» Brief:
Please repeat exactly the lines from the one containing "Полотенцесушитель водяной (лесенка)" through the last line of the records below, leaving out any pictures.

####################

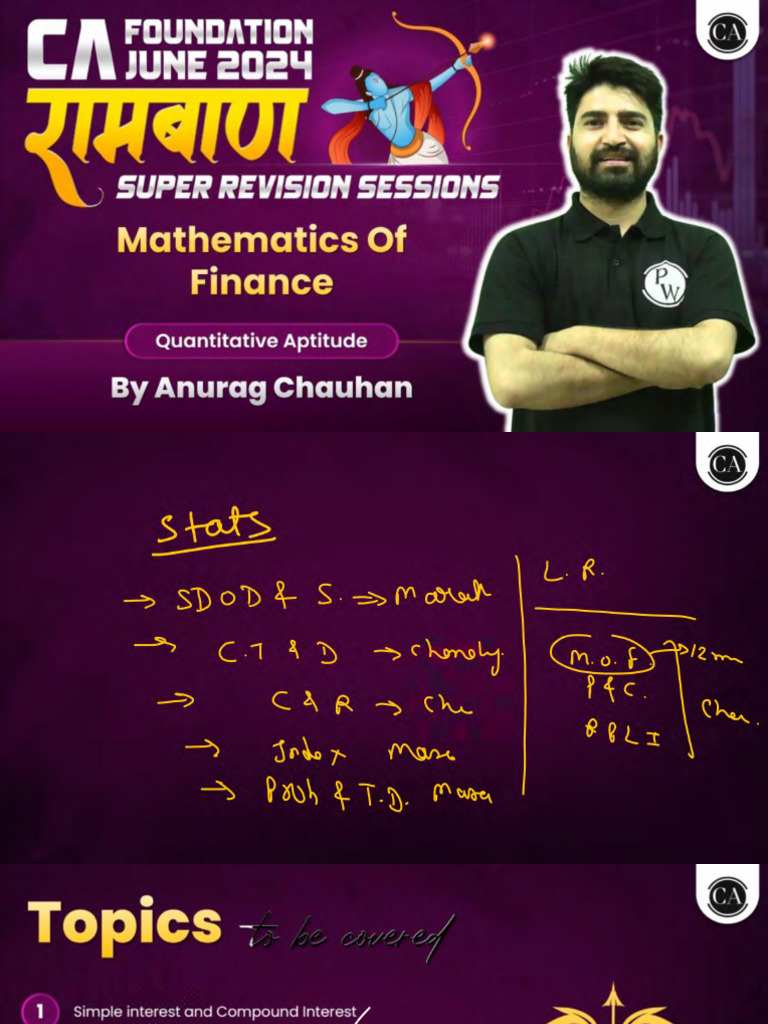 Rambaan 01 - Class Notes | PDF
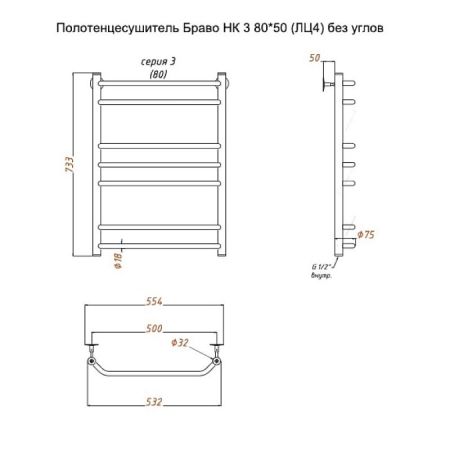 Полотенцесушитель водяной (лесенка) Тругор Браво НК 3 80х50 см (без углов), артикул Браво3/НК8050безугл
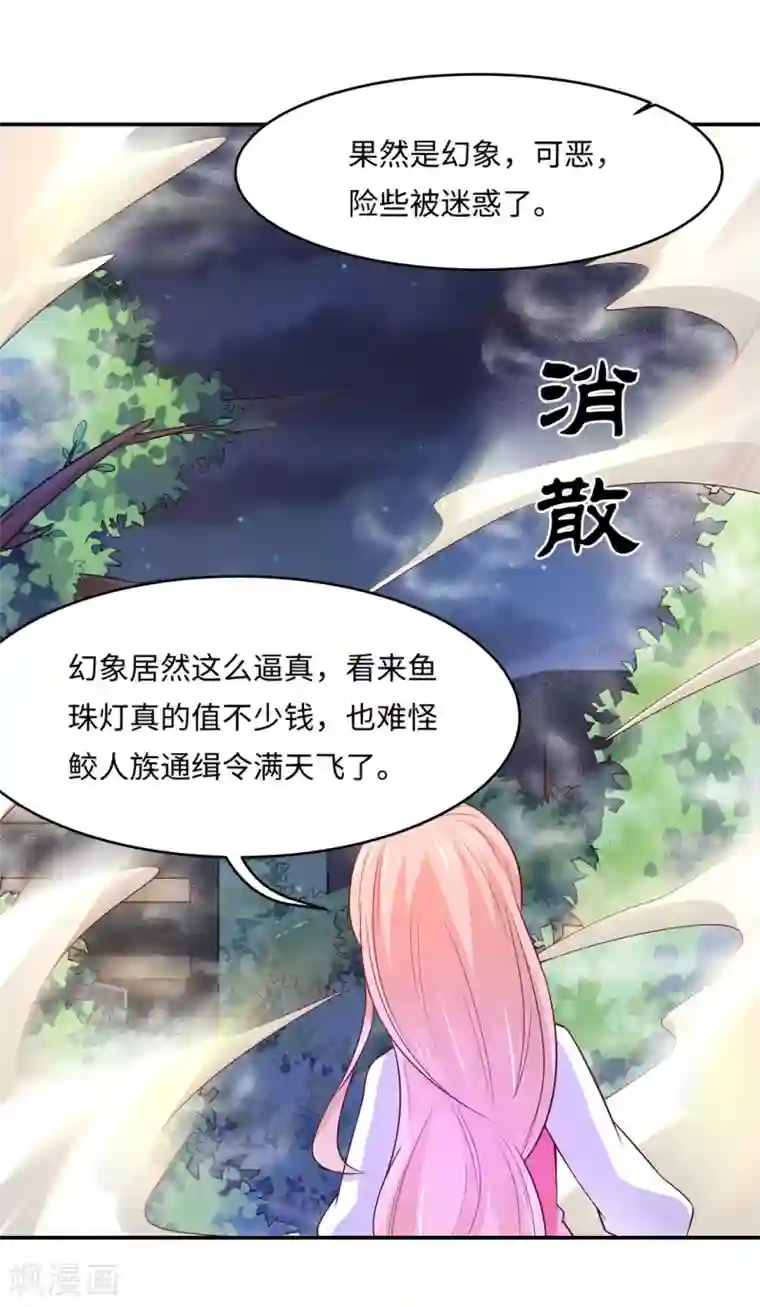 我被国宝盯上了第84话 生化危机之杀狐计划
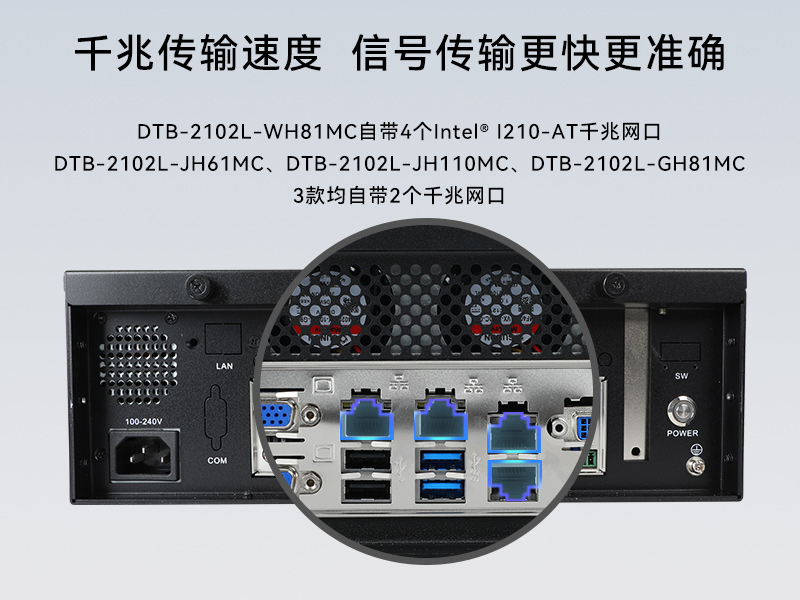 桌面式工控机|工业电脑厂商|DTB-2102L-JH61MC
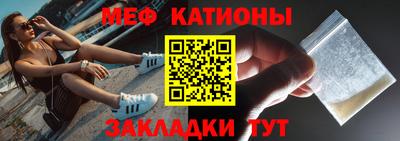 скорость mdpv Беслан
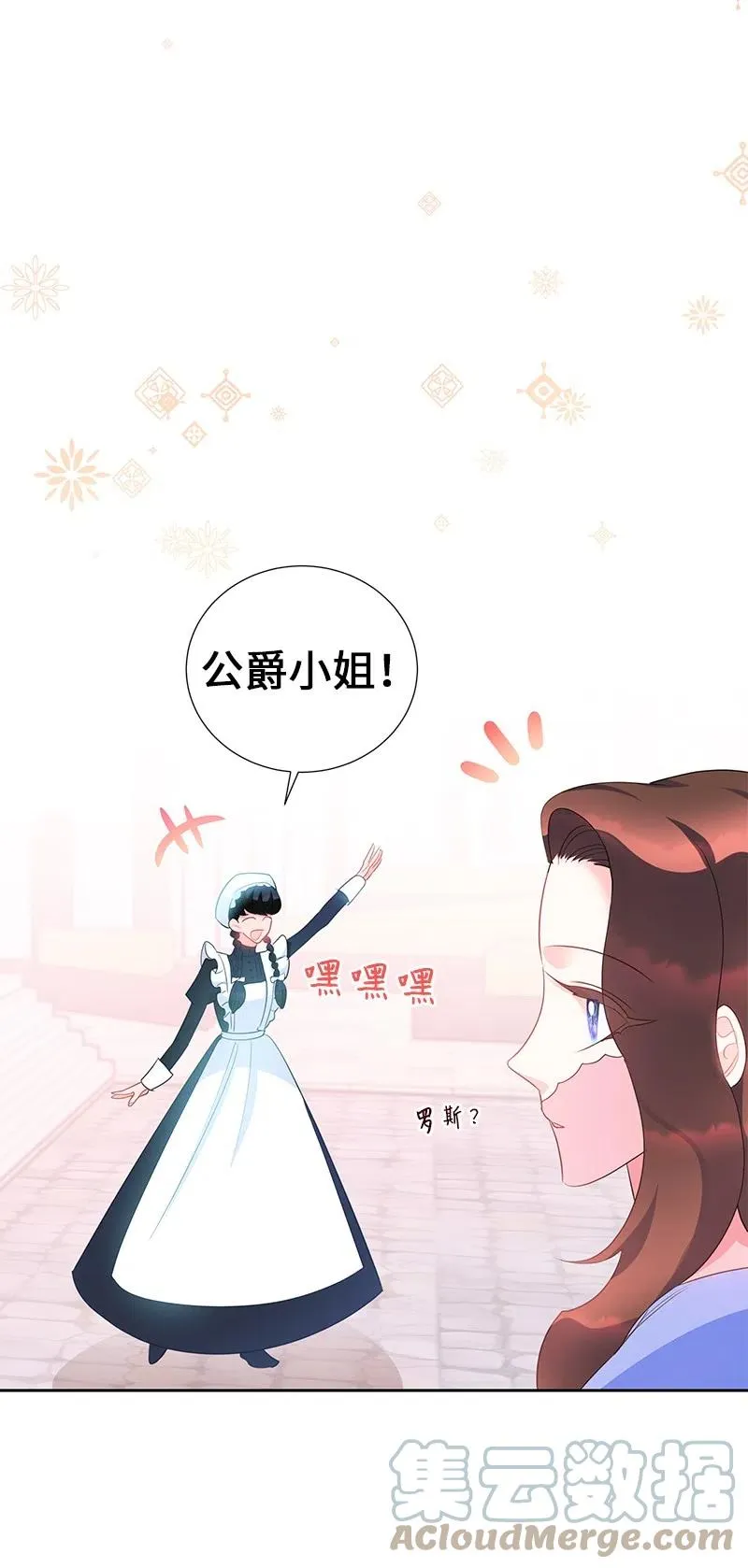 56 自娱自乐 第55页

####################

» Output for this exercise:
 Полотенцесушитель водяной (лесенка) Тругор Браво НК 3 80х50 см (без углов), артикул Браво3/НК8050безугл
 我被国宝盯上了第84话 生化危机之杀狐计划
 桌面式工控机|工业电脑厂商|DTB-2102L-JH61MC
 скорость mdpv Беслан
 56 自娱自乐 第55页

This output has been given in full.